[Task prompt]: Every line of the material must be copied exactly, from the first to the last.

[Data shown]:
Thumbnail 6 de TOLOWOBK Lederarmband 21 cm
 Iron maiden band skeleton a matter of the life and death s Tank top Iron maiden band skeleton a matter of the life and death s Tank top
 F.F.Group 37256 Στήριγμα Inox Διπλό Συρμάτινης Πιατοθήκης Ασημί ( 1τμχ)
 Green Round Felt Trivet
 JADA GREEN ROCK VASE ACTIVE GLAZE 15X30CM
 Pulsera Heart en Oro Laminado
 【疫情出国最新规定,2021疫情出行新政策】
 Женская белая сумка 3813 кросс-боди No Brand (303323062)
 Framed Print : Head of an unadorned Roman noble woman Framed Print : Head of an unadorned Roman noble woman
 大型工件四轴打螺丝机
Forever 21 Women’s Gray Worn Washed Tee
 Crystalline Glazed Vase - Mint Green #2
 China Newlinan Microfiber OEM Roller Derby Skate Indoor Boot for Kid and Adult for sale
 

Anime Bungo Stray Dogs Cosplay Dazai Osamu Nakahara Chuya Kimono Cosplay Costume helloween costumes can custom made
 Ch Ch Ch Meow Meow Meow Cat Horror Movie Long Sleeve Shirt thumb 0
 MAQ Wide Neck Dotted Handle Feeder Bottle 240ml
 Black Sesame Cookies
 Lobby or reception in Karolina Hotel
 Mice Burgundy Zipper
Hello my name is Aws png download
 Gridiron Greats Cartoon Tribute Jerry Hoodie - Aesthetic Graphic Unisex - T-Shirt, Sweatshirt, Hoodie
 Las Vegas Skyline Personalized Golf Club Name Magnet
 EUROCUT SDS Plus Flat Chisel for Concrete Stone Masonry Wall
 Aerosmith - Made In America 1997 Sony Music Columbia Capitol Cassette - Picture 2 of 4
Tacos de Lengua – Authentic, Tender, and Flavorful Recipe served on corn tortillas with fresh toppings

[Exercise result]:
Thumbnail 6 de TOLOWOBK Lederarmband 21 cm
 Iron maiden band skeleton a matter of the life and death s Tank top Iron maiden band skeleton a matter of the life and death s Tank top
 F.F.Group 37256 Στήριγμα Inox Διπλό Συρμάτινης Πιατοθήκης Ασημί ( 1τμχ)
 Green Round Felt Trivet
 JADA GREEN ROCK VASE ACTIVE GLAZE 15X30CM
 Pulsera Heart en Oro Laminado
 【疫情出国最新规定,2021疫情出行新政策】
 Женская белая сумка 3813 кросс-боди No Brand (303323062)
 Framed Print : Head of an unadorned Roman noble woman Framed Print : Head of an unadorned Roman noble woman
 大型工件四轴打螺丝机
Forever 21 Women’s Gray Worn Washed Tee
 Crystalline Glazed Vase - Mint Green #2
 China Newlinan Microfiber OEM Roller Derby Skate Indoor Boot for Kid and Adult for sale
 

Anime Bungo Stray Dogs Cosplay Dazai Osamu Nakahara Chuya Kimono Cosplay Costume helloween costumes can custom made
 Ch Ch Ch Meow Meow Meow Cat Horror Movie Long Sleeve Shirt thumb 0
 MAQ Wide Neck Dotted Handle Feeder Bottle 240ml
 Black Sesame Cookies
 Lobby or reception in Karolina Hotel
 Mice Burgundy Zipper
Hello my name is Aws png download
 Gridiron Greats Cartoon Tribute Jerry Hoodie - Aesthetic Graphic Unisex - T-Shirt, Sweatshirt, Hoodie
 Las Vegas Skyline Personalized Golf Club Name Magnet
 EUROCUT SDS Plus Flat Chisel for Concrete Stone Masonry Wall
 Aerosmith - Made In America 1997 Sony Music Columbia Capitol Cassette - Picture 2 of 4
Tacos de Lengua – Authentic, Tender, and Flavorful Recipe served on corn tortillas with fresh toppings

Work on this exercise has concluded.